• _TASK OBJECTIVE_
Starting at the line that contains "Daniel Luxbacher vs" and ending at the line that contains "ランキング 健康 寿命 都道府県 平均寿命・健康寿命ランキング", the lines below are to be given again exactly, with nothing added.

• _MATERIAL PROVIDED_
━━━━

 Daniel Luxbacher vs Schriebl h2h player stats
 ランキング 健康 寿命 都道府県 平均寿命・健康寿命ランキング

━━━━

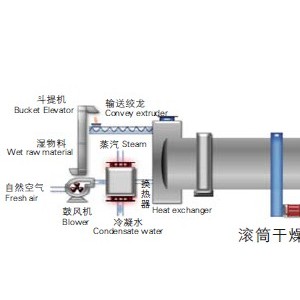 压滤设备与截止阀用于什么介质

━━━━

• _SOLUTION TO THE PROBLEM_
 Daniel Luxbacher vs Schriebl h2h player stats
 ランキング 健康 寿命 都道府県 平均寿命・健康寿命ランキング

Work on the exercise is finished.